Rares sont ceux qui osent, à contre-courant, le pari insensé d'un jeu plus débridé et quand ils le font, la réalité prosaïque les rappelle à l'ordre : Graham Henry, pour sauver sa tête après la débâcle australienne du troisième match des Tri Nations, instaure en réaction une stratégie contre-nature du coup de pied à foison qui se révèle gagnante et plus proche de nous, Marc Lièvremont prônant l'initiative personnelle pendant le tournoi des VI Nations 2008, revient à un jeu beaucoup plus restrictif pour défaire les Argentins à Marseille.

Une fois de plus le panache, le désir du beau n'aura pas résisté face à la pression du résultat. Or, dans un sport en quête d'une plus large reconnaissance internationale, ce jeu insipide mais triomphateur va à l'encontre du rugby spectacle que les annonceurs veulent bien nous vendre.

Vous le constatez la tâche semble ardue car, en effet, comment réconcilier le brio et les impératifs de la victoire pour édifier ce que l'on pourrait nommer " le panache gagnant  " ? A quand le prochain changement cyclique des directions générales du jeu, sachant que les règles du rugby elles-mêmes sont soumises chaque année à des révisions plus ou moins profondes, semant la confusion non seulement chez les joueurs et à l'intérieur des staffs, mais aussi chez le téléspectateur lambda ?

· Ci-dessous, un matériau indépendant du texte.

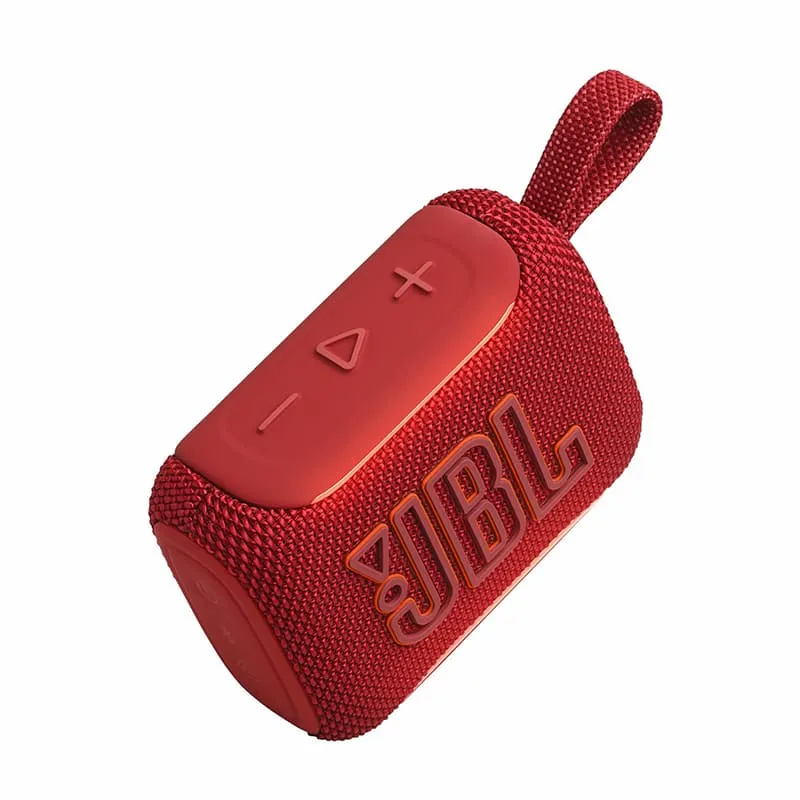 Enceinte portable Bluetooth Go 5 Rouge - JBL - JBLGO5RED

La solution viendra peut-être une fois encore de l'hémisphère sud, véritable pouls du rugby, pas des All Blacks qui se doivent coûte que coûte de remporter la coupe du monde 2011 chez eux et pour cela de sacrifier à l'efficacité, mais pourquoi pas des Fidjiens et aussi du rugby à VII. Des Fidjiens, passionnés par cet autre rugby à la forme épurée, capables de poser à toutes nations confondues des problèmes par leur capacité à remonter les ballons à la main, mais friables fautes d'une conquête souvent insuffisante et d'une indiscipline chronique.

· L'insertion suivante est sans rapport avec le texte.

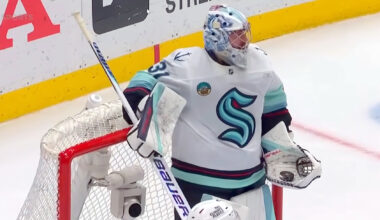 Kraken, Grubauer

Au reste, quel joueur français s'est véritablement distingué et ce, même dans un contexte défavorable, lors des deux derniers tests de l'équipe de France par ses courses et ses changements d'appui, si ce n'est Julien Malzieu, élevé au biberon du VII, ce dérivé qui deviendra plausiblement la vitrine olympique du rugby ? Développant durablement le VII en France, il est probable qu'on enrichisse réciproquement le XV, donnant à tous des attitudes, des repères indispensables à une forme de jeu plus inspirée et permettant surtout de retrouver cette joie de jouer presque enfantine qu'on surprend quelquefois au détour d'un sourire polynésien ou mélanésien, car après tout le rugby ce n'est qu'un jeu.